Career pathing options, training policies and procedures, and other stretch opportunities should be shared with employees. A business should communicate any open positions or opportunities to its employees, with a view to encouraging employee growth. Keeping internal job postings available for extended periods allows for awareness, discussion and exploration of possible opportunities within the team.

Structured talent management may also be advisable: making the discussion of career development complementary to performance management discussions allows for the natural conversation around strengths and challenges to yield opportunities for training, coaching or special work assignments.

4. Valuing Employee Opinions

An excellent method to actively listen to employees is to implement an employee referral program. An employer may encourage employees to refer qualified applicants for open positions. In this way, the employer acknowledges that employees comprise one of the best sources of new talent, and that their opinions are valued.

At a time of the employer’s discretion (say, after the new hire’s one-year anniversary), the employer may then reward the referring employee with a bonus for the new hire recommendation.

The practice also encourages employees to regularly peruse internal postings, perhaps noticing a good lateral, stretch or advancement opportunity that would further or enhance their own careers.

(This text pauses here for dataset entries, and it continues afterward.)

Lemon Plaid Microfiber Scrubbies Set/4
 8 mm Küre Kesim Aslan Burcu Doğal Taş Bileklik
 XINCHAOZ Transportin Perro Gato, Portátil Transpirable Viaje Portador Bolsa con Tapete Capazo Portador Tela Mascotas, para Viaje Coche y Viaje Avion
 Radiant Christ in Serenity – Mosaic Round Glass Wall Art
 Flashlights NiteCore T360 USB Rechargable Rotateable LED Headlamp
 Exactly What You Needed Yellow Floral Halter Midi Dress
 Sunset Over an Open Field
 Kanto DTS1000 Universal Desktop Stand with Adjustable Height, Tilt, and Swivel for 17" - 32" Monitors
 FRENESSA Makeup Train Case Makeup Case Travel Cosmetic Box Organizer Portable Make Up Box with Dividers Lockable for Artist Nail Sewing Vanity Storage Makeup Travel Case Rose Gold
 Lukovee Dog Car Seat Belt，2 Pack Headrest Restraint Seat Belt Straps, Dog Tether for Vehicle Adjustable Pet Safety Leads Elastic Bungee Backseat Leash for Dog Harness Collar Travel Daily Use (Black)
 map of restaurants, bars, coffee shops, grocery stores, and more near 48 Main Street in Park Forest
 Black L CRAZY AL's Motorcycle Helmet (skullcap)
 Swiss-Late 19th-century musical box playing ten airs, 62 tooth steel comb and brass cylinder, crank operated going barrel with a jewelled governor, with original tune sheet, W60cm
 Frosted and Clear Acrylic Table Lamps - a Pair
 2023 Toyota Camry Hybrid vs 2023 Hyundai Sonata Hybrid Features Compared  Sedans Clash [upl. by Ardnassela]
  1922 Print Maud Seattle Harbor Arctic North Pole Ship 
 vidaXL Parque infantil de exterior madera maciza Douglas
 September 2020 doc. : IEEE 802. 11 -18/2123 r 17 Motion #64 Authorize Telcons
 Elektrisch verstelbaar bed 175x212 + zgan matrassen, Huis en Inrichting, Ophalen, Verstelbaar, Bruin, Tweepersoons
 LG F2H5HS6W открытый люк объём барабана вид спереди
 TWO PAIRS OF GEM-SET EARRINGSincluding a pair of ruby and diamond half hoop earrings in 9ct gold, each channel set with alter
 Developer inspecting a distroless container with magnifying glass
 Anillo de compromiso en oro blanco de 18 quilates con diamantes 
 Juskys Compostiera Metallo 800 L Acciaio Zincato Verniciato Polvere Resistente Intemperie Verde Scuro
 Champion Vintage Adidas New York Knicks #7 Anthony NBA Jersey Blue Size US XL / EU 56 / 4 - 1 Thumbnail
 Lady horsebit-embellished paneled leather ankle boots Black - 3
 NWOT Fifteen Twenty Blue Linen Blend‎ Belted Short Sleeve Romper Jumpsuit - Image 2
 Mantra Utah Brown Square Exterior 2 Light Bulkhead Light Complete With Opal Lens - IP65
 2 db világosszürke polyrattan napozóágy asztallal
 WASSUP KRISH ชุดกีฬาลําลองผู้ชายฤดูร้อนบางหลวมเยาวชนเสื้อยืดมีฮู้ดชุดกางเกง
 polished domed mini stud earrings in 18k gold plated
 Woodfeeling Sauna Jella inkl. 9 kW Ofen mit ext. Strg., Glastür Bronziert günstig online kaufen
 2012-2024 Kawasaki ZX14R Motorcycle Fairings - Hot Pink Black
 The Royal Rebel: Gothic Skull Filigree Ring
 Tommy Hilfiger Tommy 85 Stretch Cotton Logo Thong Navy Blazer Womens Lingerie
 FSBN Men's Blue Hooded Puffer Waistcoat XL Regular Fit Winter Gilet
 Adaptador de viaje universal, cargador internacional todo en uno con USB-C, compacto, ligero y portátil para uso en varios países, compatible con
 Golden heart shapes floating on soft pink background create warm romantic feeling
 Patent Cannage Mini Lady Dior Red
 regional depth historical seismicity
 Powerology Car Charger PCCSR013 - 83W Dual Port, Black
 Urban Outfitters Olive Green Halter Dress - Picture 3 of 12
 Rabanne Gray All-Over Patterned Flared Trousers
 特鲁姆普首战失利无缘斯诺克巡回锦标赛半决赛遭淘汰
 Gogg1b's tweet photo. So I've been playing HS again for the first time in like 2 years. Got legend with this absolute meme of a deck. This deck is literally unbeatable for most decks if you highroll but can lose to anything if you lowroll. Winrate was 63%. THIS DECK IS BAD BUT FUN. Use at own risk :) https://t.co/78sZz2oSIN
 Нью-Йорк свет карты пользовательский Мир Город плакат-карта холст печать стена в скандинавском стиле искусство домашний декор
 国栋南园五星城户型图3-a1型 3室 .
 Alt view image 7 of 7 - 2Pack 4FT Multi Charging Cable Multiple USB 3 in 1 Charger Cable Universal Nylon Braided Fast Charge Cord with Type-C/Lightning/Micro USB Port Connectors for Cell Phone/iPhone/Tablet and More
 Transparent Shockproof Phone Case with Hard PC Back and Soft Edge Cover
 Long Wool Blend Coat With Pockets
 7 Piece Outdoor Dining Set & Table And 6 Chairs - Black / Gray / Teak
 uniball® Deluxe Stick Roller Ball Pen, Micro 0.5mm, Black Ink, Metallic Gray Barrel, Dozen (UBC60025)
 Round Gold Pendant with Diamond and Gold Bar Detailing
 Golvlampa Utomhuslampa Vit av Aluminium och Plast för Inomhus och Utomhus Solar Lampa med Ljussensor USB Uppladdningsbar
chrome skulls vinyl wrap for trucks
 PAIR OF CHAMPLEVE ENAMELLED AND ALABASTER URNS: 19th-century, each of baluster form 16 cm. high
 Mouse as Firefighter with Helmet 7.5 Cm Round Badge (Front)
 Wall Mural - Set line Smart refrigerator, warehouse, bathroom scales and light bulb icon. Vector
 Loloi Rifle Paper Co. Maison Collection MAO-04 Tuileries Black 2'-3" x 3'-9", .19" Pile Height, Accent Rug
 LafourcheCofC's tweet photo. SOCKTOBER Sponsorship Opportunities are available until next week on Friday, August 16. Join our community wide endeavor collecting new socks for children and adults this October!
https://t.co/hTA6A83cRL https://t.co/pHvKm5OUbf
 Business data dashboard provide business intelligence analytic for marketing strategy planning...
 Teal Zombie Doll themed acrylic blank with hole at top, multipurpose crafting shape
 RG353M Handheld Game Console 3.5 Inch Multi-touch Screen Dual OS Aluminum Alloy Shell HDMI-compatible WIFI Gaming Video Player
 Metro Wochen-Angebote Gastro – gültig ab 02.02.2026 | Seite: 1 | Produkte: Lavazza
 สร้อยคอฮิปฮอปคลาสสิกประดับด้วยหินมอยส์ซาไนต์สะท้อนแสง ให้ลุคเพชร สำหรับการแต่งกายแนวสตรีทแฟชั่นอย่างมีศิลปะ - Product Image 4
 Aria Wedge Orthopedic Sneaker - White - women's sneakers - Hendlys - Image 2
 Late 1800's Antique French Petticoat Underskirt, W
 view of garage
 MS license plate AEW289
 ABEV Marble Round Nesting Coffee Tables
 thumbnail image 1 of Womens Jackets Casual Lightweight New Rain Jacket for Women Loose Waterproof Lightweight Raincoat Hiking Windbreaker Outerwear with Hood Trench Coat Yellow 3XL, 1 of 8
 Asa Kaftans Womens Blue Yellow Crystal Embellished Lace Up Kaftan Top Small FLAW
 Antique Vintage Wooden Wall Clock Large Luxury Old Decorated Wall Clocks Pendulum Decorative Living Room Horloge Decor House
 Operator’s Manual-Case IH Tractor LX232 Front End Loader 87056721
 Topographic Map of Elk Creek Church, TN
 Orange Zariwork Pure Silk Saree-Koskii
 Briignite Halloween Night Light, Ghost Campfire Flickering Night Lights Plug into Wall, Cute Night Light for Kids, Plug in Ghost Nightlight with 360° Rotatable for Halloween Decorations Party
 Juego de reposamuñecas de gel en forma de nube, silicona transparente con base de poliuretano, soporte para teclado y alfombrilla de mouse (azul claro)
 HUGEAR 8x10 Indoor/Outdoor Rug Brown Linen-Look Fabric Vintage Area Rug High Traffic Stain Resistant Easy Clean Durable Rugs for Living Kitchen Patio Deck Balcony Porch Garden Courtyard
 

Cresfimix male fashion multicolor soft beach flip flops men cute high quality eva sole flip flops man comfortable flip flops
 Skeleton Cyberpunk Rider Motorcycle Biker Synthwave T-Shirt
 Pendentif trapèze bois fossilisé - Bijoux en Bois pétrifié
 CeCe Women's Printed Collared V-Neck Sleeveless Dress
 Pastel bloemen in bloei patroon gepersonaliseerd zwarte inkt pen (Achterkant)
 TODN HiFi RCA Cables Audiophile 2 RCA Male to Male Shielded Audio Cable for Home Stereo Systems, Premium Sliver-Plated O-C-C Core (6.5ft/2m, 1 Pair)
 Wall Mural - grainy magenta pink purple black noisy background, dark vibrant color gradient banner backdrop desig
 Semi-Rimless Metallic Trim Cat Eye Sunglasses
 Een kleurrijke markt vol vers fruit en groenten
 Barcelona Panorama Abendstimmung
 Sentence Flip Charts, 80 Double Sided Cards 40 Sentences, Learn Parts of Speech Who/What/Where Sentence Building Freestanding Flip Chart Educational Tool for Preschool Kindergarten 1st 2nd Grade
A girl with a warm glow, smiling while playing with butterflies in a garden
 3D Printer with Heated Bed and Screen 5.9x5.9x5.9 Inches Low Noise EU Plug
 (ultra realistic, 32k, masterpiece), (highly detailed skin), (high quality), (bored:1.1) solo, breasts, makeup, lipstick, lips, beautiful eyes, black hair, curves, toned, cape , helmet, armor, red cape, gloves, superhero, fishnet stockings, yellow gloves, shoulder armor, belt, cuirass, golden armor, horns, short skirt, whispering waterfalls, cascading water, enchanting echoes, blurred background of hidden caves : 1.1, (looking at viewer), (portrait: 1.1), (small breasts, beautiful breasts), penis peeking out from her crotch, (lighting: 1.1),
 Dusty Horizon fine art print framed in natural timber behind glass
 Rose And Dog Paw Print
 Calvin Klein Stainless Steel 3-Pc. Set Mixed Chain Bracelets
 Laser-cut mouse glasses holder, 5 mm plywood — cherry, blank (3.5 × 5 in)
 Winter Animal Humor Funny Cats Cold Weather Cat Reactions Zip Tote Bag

Of course, to ensure fairness, an employer should not overly rely on an employee referral system for hiring candidates at the expense of greater diversity, or if the practice results in failing to consider qualified candidates with protected characteristics.

5. Emphasizing Fairness and Trust

When employees perceive fairness in an organization’s practices, they tend to be more satisfied in their existing roles, and will also begin to stretch (or consider stretching) into different challenges.

Deep, meaningful development conversations cannot happen in an atmosphere of mistrust. An employee needs to feel comfortable in reaching for new heights, knowing that the organization will provide support and assistance with any new endeavors.

Therefore, an employer should invest in company-wide initiatives that emphasize growth, such as implementing individual employee development plans and holding employees and supervisors accountable for their own individual aspects of the career development journey (e.g., employees share their interests and strengths, and supervisors guide employees to possible projects and provide feedback).

A career development opportunity cannot be a guise for failure or frustration. If it is, affected employees and their peers will take note and abandon any plans to stretch or grow within the organization.

Instead, the workers will be looking for growth outside the company as quickly as an opportunity presents itself. And they’ll probably share their experiences with others, potentially hurting an employer’s brand.